→ **Given material**
################

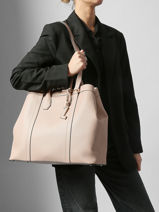 Cabas Belleville Cuir Lancel Beige belleville A13738-vue-porte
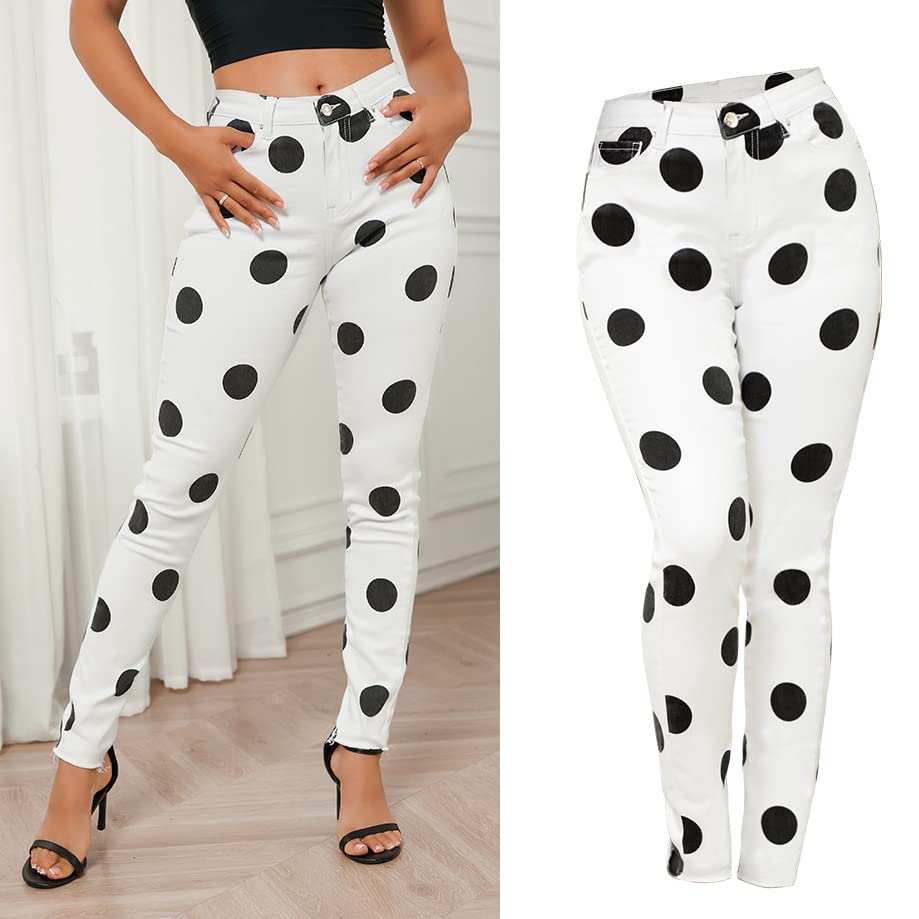 Women's Sexy Polka Dot Print Pencil Jeans White Slim Retro Jeans2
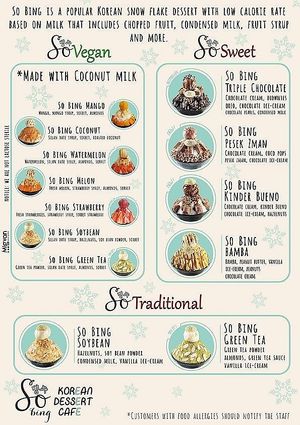 So Bing Menu 1 at So Bing - Bograshov in Tel Aviv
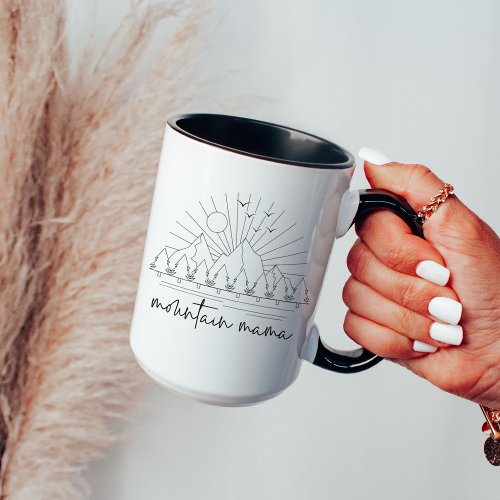 Bohemian Sketched Outdoors Mountain Mama Mug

################

→ **Task directions**
Pictures are to be dropped, and the lines from the line with "So Bing Menu" through the end of the material above are to be reproduced exactly.

→ **Output below**
 So Bing Menu 1 at So Bing - Bograshov in Tel Aviv
 Bohemian Sketched Outdoors Mountain Mama Mug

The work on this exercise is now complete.